D'après l'ONG, plus globalement, ces manquements contribuent à éroder la confiance de la population dans la capacité de l'État à appliquer les lois et la capacité des institutions judiciaires à éviter que d'autres actes de corruption et atteintes aux droits humains ne se produisent et à permettre l'accès à la justice et aux recours utiles dans de tels cas.
Recommandations
Pour remédier à cette situation, Amnesty International propose dans son rapport un ensemble de recommandations pour appeler les États d'Afrique de l'Ouest et du Centre à respecter les droits à la liberté d'expression et de réunion pacifique, à promouvoir et protéger les DDH luttant contre la corruption, à ''mettre fin à l'impunité des responsables d'agressions et autres atteintes aux droits humains commises contre ces DDH'' et à renforcer les cadres juridiques et institutionnels au niveau national pour lutter contre la corruption et améliorer le respect de l'obligation de rendre des comptes en cas de violation des droits humains et de pratiques de corruption.

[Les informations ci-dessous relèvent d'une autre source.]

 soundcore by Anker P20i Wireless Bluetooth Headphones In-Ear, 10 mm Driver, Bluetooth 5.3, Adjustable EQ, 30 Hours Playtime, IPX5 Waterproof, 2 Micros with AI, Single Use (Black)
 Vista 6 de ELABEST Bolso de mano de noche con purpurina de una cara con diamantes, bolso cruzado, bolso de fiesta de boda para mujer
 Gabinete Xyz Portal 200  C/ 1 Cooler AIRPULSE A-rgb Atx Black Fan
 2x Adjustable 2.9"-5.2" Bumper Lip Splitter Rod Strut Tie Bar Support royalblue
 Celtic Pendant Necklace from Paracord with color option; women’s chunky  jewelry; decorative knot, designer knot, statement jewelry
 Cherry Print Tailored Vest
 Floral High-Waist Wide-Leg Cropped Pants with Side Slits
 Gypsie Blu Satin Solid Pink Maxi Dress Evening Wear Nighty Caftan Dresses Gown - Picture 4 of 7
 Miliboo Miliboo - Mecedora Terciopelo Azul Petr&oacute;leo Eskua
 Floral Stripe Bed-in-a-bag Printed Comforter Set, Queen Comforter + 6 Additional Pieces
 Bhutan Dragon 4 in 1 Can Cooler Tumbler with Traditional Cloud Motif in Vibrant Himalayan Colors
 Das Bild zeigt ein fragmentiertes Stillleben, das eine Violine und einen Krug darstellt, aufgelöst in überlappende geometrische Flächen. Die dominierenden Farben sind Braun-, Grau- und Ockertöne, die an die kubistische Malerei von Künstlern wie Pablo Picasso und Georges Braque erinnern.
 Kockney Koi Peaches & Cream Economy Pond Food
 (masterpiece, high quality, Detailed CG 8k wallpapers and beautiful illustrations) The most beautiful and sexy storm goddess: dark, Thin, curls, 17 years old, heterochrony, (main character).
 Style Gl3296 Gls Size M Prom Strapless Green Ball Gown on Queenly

L'organisation exhorte les organes régionaux et sous-régionaux à promouvoir la ratification, l'intégration dans la législation nationale et/ou la mise en œuvre complète des traités régionaux de lutte contre la corruption et de défense des droits humains, ainsi que des lois garantissant la promotion et la protection des droits humains, et la prévention et la lutte contre la corruption en Afrique. Elle demande ''la création d'un mandat au titre des procédures spéciales des Nations unies, ou d'un mécanisme similaire, permettant d'examiner et de contrôler l'impact et les conséquences multiples et croisées de la corruption sur les droits humains, et d'apporter des conseils et des solutions dans ce domaine''.
En outre, Amnesty International ''exhorte les États étrangers à soutenir les DDH luttant contre la corruption, en particulier celles et ceux qui sont en danger, en investissant dans des programmes et des initiatives de protection, de préservation ou de réinstallation rapide''.